Merge pull request #981 from superseb/prod_setup

Add production ready cluster setup
This commit is contained in:
Denise
2018-11-13 22:26:42 -08:00
committed by GitHub
3 changed files with 140 additions and 0 deletions
@@ -0,0 +1,137 @@
---
title: Production Ready Cluster
weight: 2510
---
While Rancher makes it easy to create Kubernetes clusters, a production ready cluster takes more consideration and planning. There are three roles that can be assigned to nodes: `etcd`, `controlplane` and `worker`. In the next sections each of the roles will be described in more detail.
When designing your cluster(s), you have two options:
* Use dedicated nodes for each role. This ensures resource availability for the components needed for the specified role. It also strictly isolates network traffic between each of the roles according to the [Port Requirements]({{< baseurl >}}/rancher/v2.x/en/installation/references/).
* Assign the `etcd` and `controlplane` roles to the same nodes. These nodes must meet the hardware requirements for both roles.
>**Note:** Do not add the `worker` role to any node configured with either the `etcd` or `controlplane` role. This will make the nodes schedulable for regular workloads, which could interfere with critical cluster components running on the nodes with the `etcd` or `controlplane` role.
## etcd
Nodes with the `etcd` role run etcd, which is a consistent and highly available key value store used as Kubernetes backing store for all cluster data. etcd replicates the data to each node.

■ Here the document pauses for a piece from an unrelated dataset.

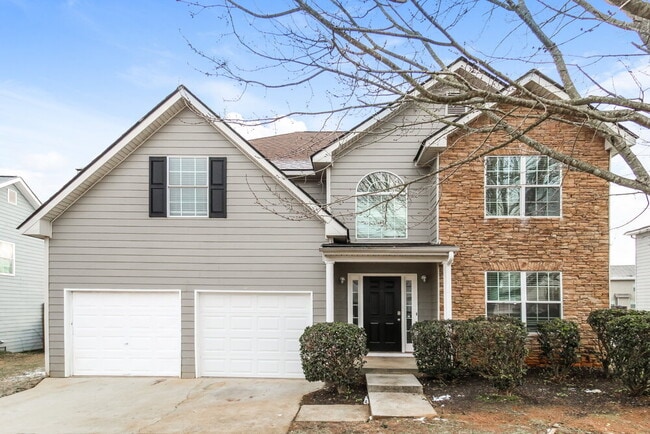 property at 35 Franklin Way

>**Note:** Nodes with the `etcd` role are shown as `Unschedulable` in the UI, meaning no pods will be scheduled to these nodes by default.
### Hardware Requirements
Please see [Kubernetes: Building Large Clusters](https://kubernetes.io/docs/setup/cluster-large/) and [etcd: Hardware Recommendations](https://coreos.com/etcd/docs/latest/op-guide/hardware.html) for the hardware requirements.
### Count of etcd Nodes
The number of nodes that you can lose at once while maintaining cluster availability is determined by the number of nodes assigned the `etcd` role. For a cluster with n members, the minimum is (n/2)+1. Therefore, we recommend creating an `etcd` node in 3 different availability zones to survive the loss of one availability zone within a region. If you use only two zones, you can only survive the loss of the zone where you don't lose the majority of nodes.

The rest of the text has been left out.